If you’ve never gone trail running before, you should know that it’s a different animal than your normal old sidewalk jaunt. While accessible to most runners, there are a few tips to keep in mind before heading out on your first trail experience to make the most of it.
- No trail is the same – so do your research. Some will be groomed, smooth, and easy to run on, while others can be filled with sticks, rocks, crags, and other challenging obstacles. Know what you’re getting into before your run so you can stay safe and enjoy it the entire way through. The best way to research trails is 1) to go online or 2) to ask your local running store, club, or state park service for ideas.
- Slow your pace and find your own rhythm.

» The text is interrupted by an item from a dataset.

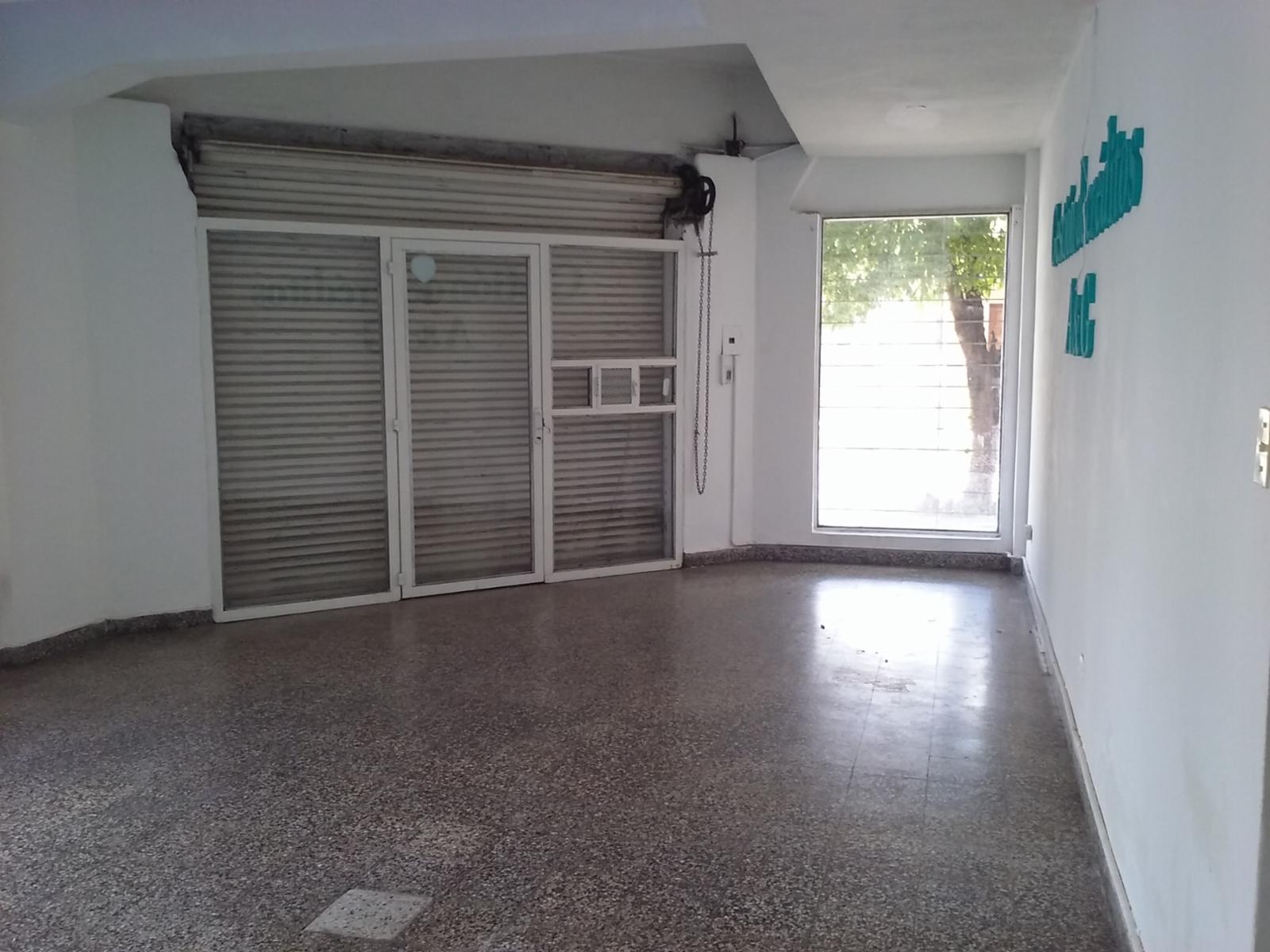 VENTA - SAN JUSTO - LOCAL COMERCIAL - CON RENTA - Cnel: BRANDSEN esquina MATHEU — foto 2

Trail running can be more difficult than road runs, so leave your ego at the door. Start out slow to avoid injury and get the lay of the land. Speed up only once you’re feeling comfortable with your current route.
- Take safety precautions. Always let a friend or family member know when you head out for a trail run; it’s important that someone knows you’re off in the woods! Bring your phone, an ID, and a map. Even better – run with friends or your dog!
- Always look 3-4 feet in front of you to avoid snags in the trail – and subsequently injury. Create a line of travel by looking down and directly in front of you on your trail run; this will keep you focused, in the moment, and safe. If you’re hoping to enjoy the scenery, slow down to a walking pace to do so or stop for some water and a breath of fresh air. Better yet, plan your trail to stop midway at a lake or other beautiful view to take advantage of the woods that surround you.
- Run by time, not by mileage. You may be used to running to a certain distance, but with trail running, start out by allotting a certain amount of time for your run. While you may be able to run five miles with ease on the road, that same five miles could take you double the time when accounting for obstacles and hills on the trail. Set a time – say, 30 minutes – and turn around once you hit the halfway point. Once your body gets used to trail running, you can up the ante and try to hit mileage.
- Invest in a pair of trail running shoes. The shoes you wear for your normal runs aren’t made to conquer varied terrain; they’re probably made for the flat road. Trail running shoes are lower to the ground and have a higher heel, so they protect you from rolling your ankle. They also have a rugged tread on the bottom that keeps your balance and helps you grip mud and rocks.
- Build leg strength. Exercises like lunges, deadlifts, and squats up your leg muscles and help you get up trail hills with ease. If needed, remember that it’s always okay to walk up the hills – even the experts do it!
Find a trail near you this week and head out this weekend! With the beautiful foliage surrounding many areas right now, we know you won’t regret it.